Records supplied
+---+

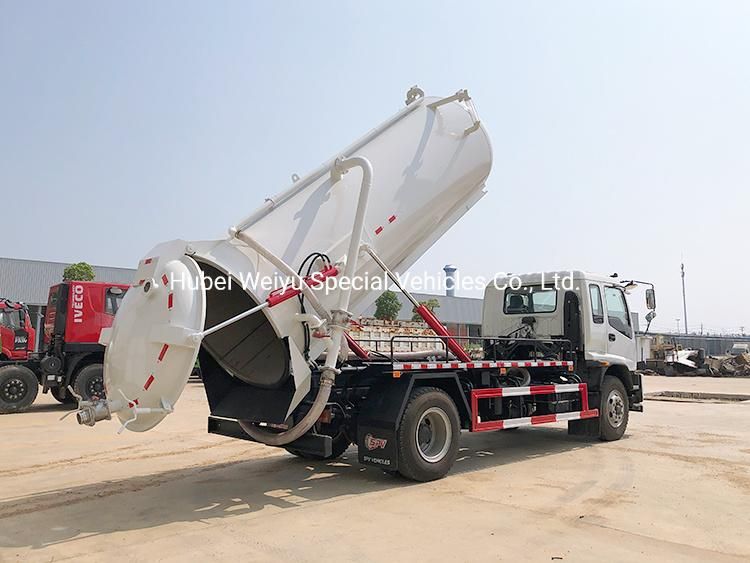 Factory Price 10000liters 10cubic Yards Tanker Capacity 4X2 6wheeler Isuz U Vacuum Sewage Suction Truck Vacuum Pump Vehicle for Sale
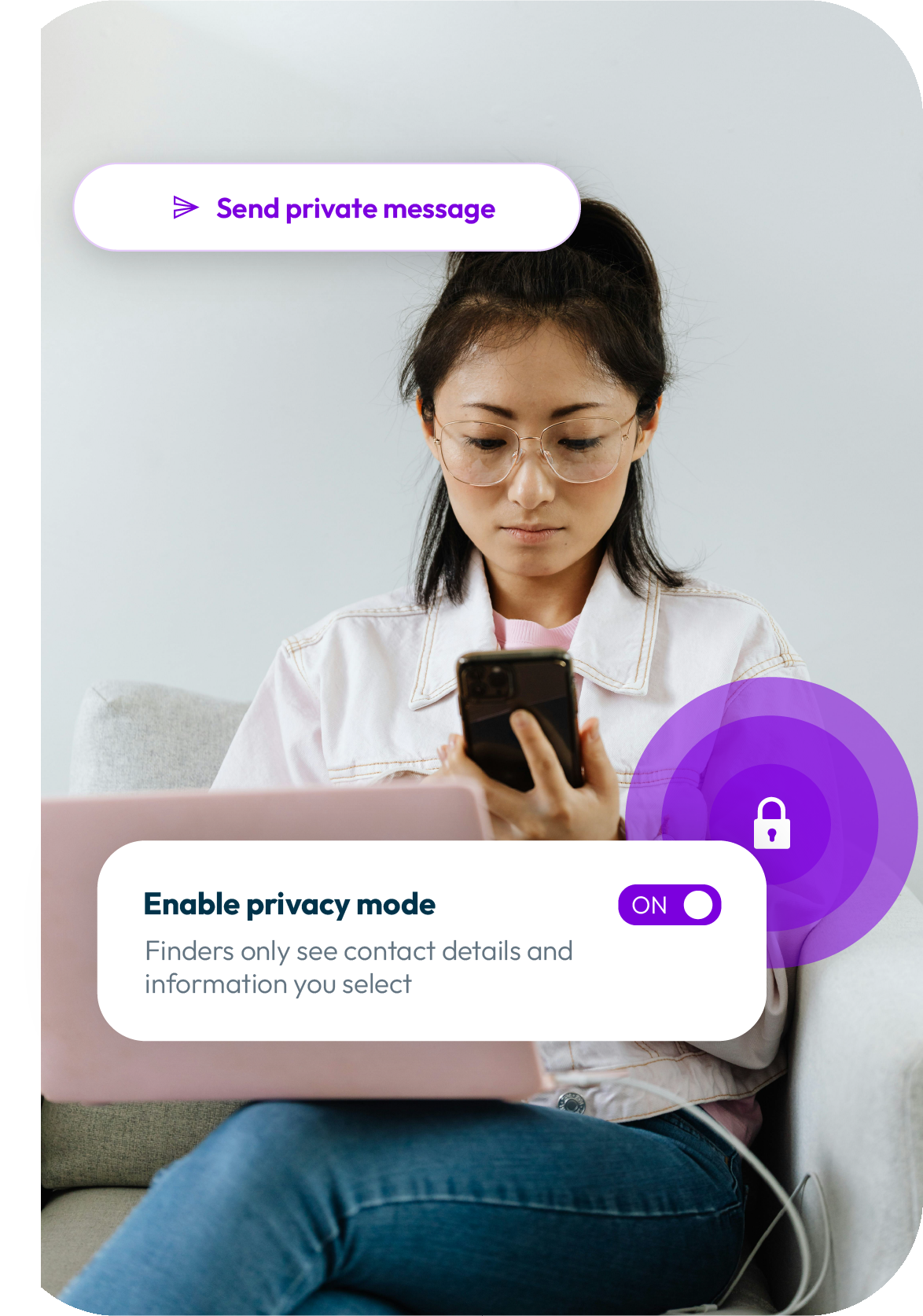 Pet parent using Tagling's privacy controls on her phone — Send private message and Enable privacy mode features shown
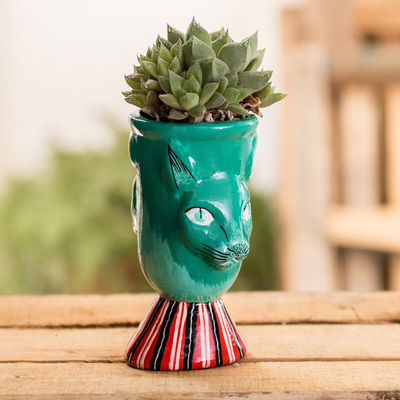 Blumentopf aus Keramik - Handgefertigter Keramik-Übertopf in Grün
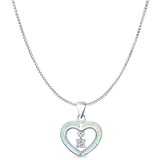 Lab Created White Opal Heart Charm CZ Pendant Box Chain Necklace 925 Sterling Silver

+---+

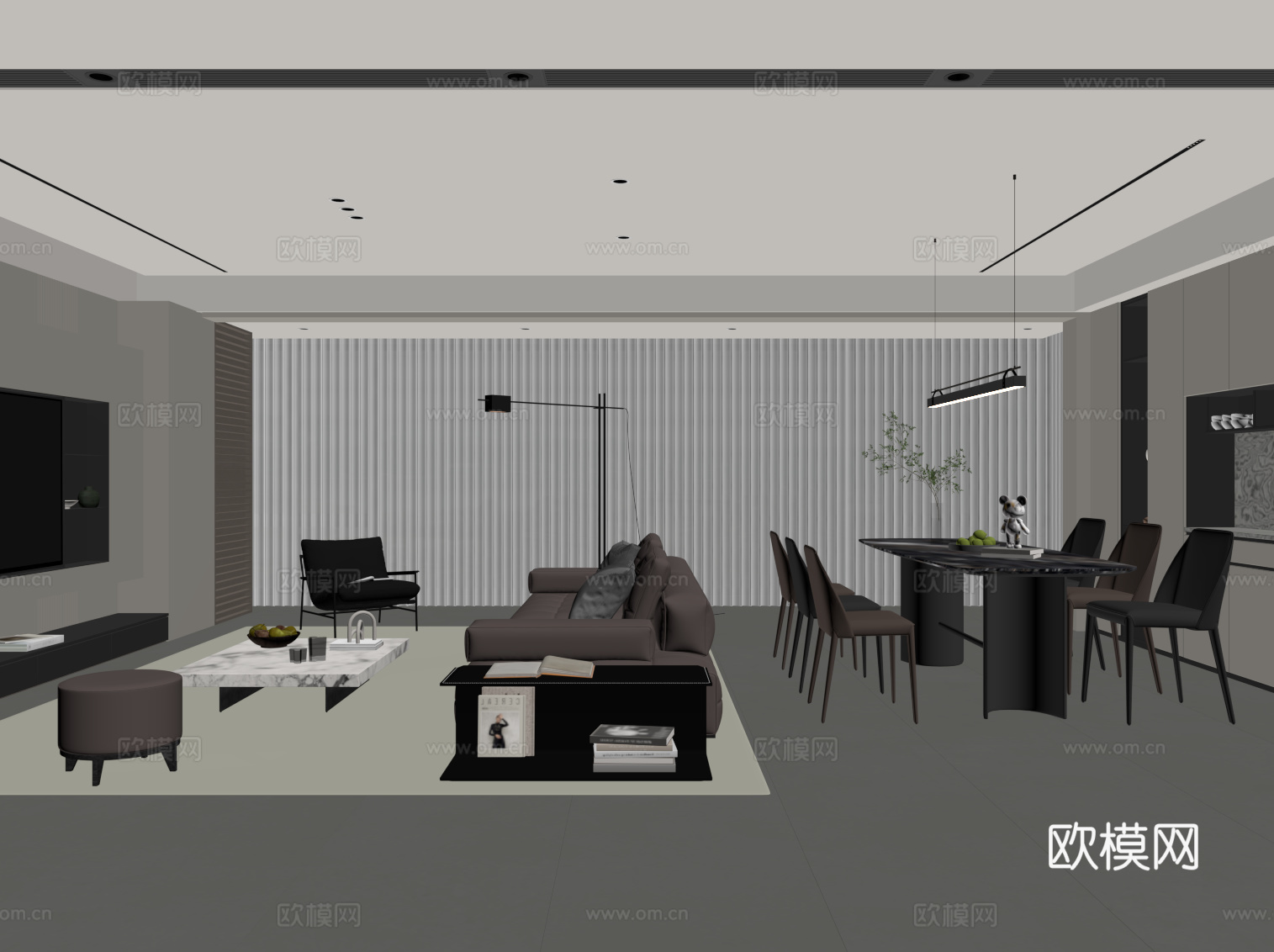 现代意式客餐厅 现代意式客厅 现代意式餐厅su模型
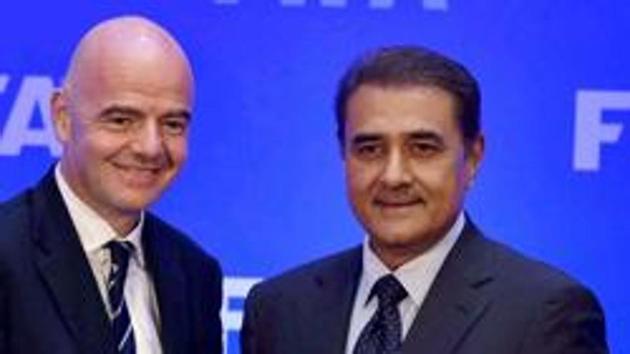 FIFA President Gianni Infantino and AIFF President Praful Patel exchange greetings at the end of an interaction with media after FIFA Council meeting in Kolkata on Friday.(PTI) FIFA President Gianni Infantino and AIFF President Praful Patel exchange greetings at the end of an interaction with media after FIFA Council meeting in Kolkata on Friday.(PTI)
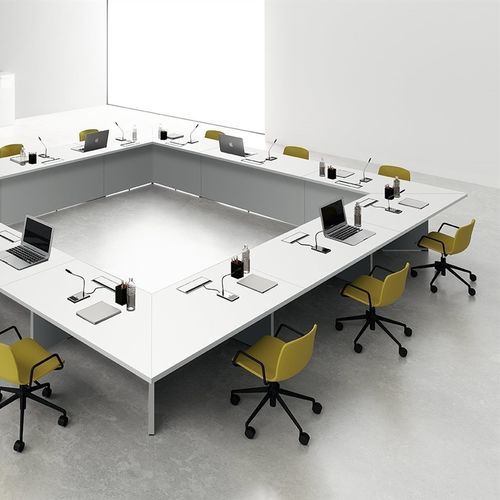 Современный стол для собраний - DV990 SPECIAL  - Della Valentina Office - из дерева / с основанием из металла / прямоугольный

+---+

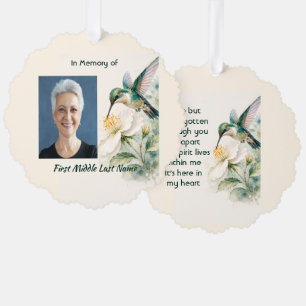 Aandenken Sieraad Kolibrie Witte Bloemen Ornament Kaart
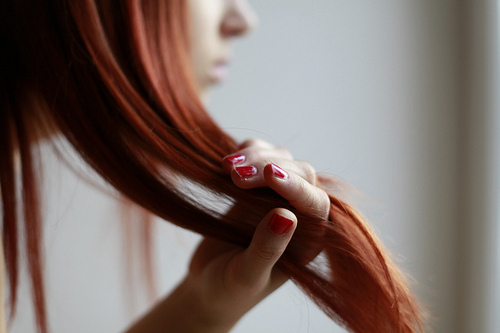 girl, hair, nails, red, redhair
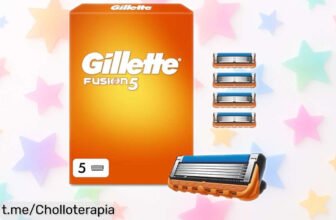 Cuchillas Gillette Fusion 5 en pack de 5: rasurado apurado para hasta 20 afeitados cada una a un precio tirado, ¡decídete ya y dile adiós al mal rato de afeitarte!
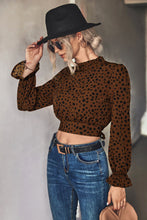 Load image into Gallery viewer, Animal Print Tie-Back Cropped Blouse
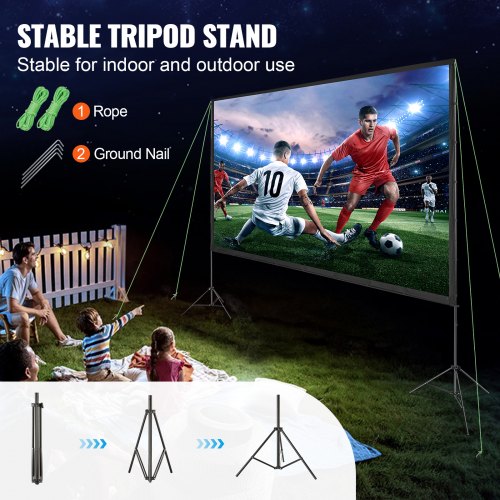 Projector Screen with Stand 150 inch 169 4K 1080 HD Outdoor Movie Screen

+---+

Exercise
Look through the listing above for the line with "Factory Price 10000liters" and the line with "Lab Created White". Write out exactly those lines and everything between, leaving out pictures.

Answer box
 Factory Price 10000liters 10cubic Yards Tanker Capacity 4X2 6wheeler Isuz U Vacuum Sewage Suction Truck Vacuum Pump Vehicle for Sale
 Pet parent using Tagling's privacy controls on her phone — Send private message and Enable privacy mode features shown
 Blumentopf aus Keramik - Handgefertigter Keramik-Übertopf in Grün
 Lab Created White Opal Heart Charm CZ Pendant Box Chain Necklace 925 Sterling Silver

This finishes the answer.